C1_W3: The Porblem with beating HLP as a proof of ML superiority

Dear all,

I´d like to understand the case explained at the end of the slide 26 and all the 27 of the week 3. ¿could you supply me any more documentation about it?

I can´t understand it even with the transcription.

I´d be very grateful to you.

Best regards.

The lecture is rock solid on this one. I’ll give it a shot:

Slide 26:
This slide suggests other uses of human level performance.

  1. In academia, if your research performs better than HLP, odds of getting published is high.
  2. Say you have a client who wants to get a model with, say, 95% accuracy on a task. If HLP for that task is around 60%, then, use HLP as a baseline to negotiate and establish a much more realistic target.
  3. In business, it’s possible to create a buzz by stating that your product beats HLP by a certain margin.
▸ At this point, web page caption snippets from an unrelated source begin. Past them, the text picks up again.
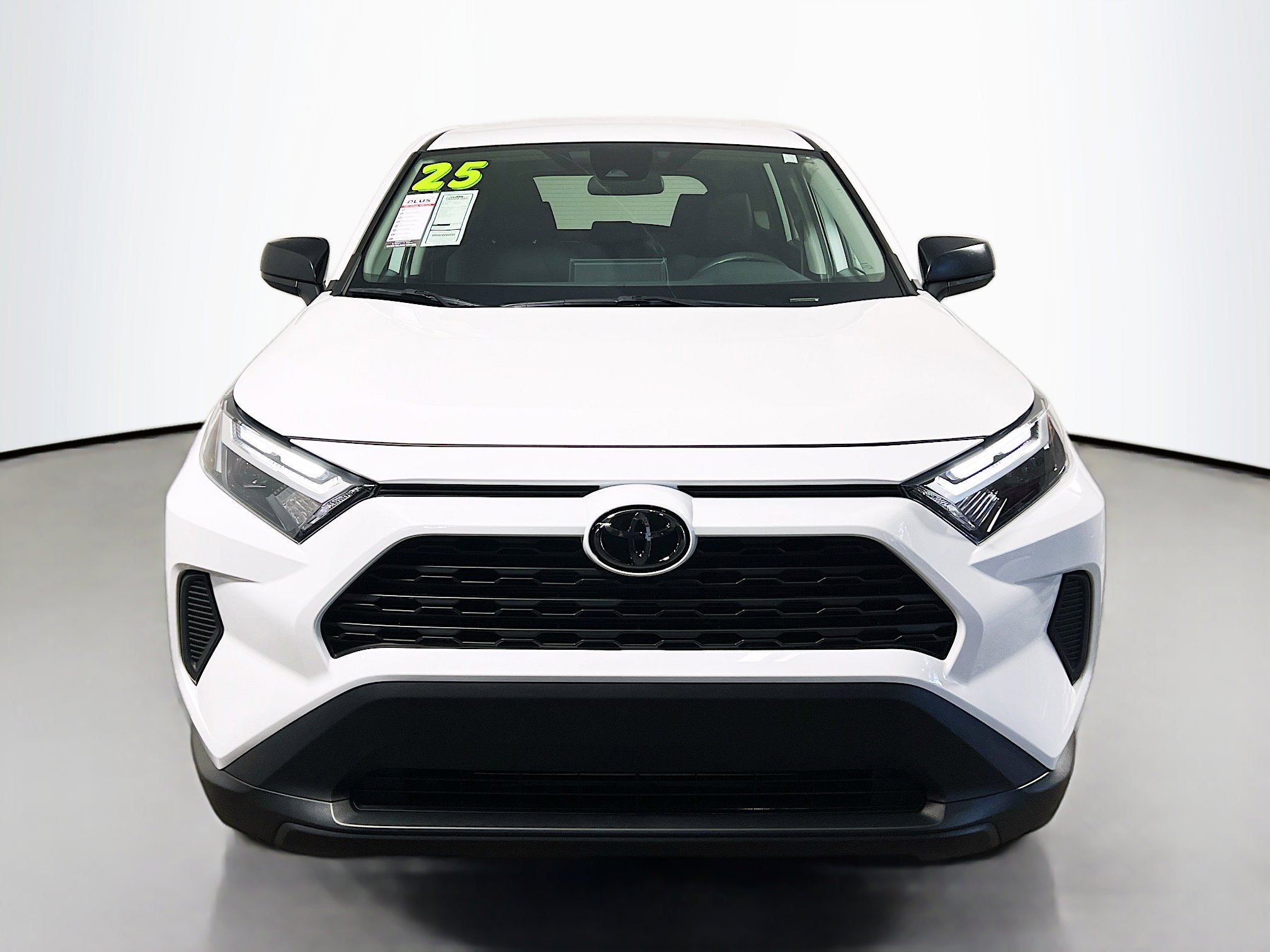 Used 2025 Toyota RAV4 LE image 11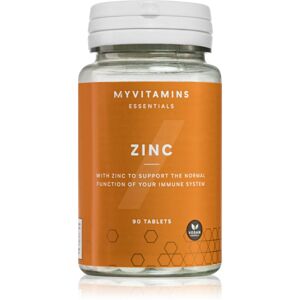 MyVitamins Zinc tablety pro podporu imunitního systému 90 tbl
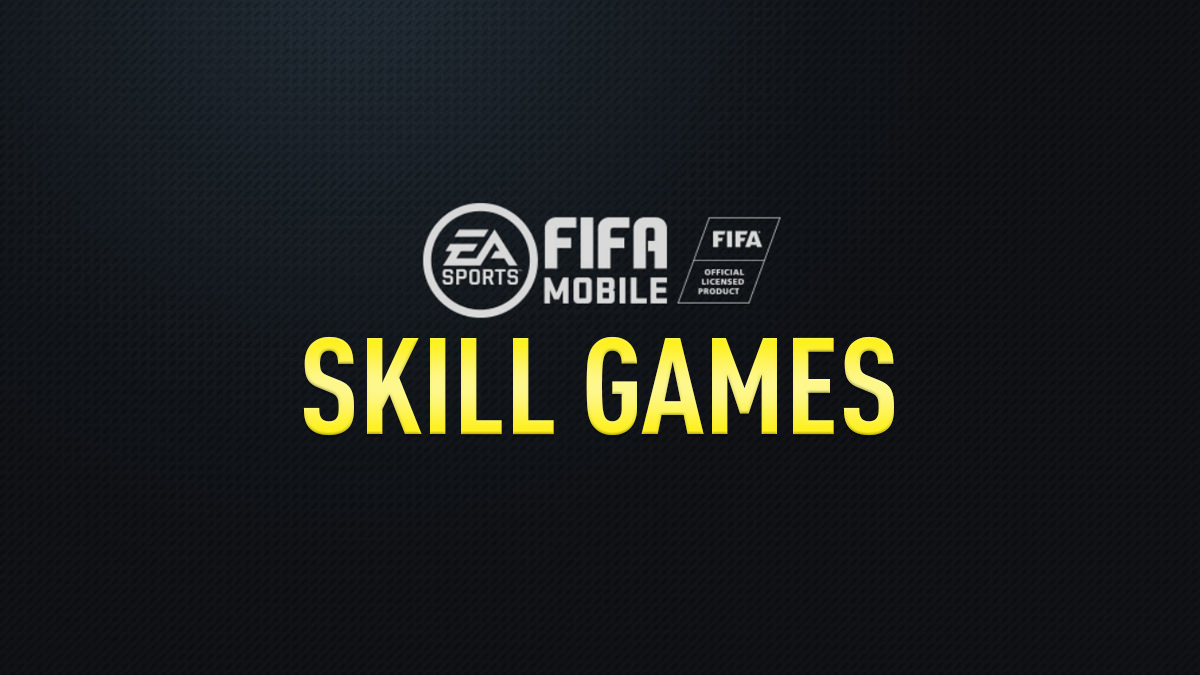 FIFA Mobile – Skill Games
While it’s tempting to do this, care should be taken when establishing this win. More than often, it’s hard for a product to beat HLP. So, when possible, try staying away from this claim and if you do decide to claim that your product is better than HLP, gather sufficient evidence to back your claim.

Slide 27:
Consider a speech to text system. Let’s say that 70% of the labelers provide the first transcript and the remaining 30% of them provide the 2nd version of the text. In theory, both versions of the text mean the same despite the text being slightly different.
Probability that 2 random labelers agree = {.7}^2 + {.3}^2 = .58. This can be used as HLP.
When model is trained, it’s likely going to pay more attention to the 1st version since this version is present 70% of the time. So, model performance will be around 70%.

This goes back to the business use case. On paper, the model seems to have beaten HLP although logically, the model hasn’t. Inconsistency in label has given false impression about model performance.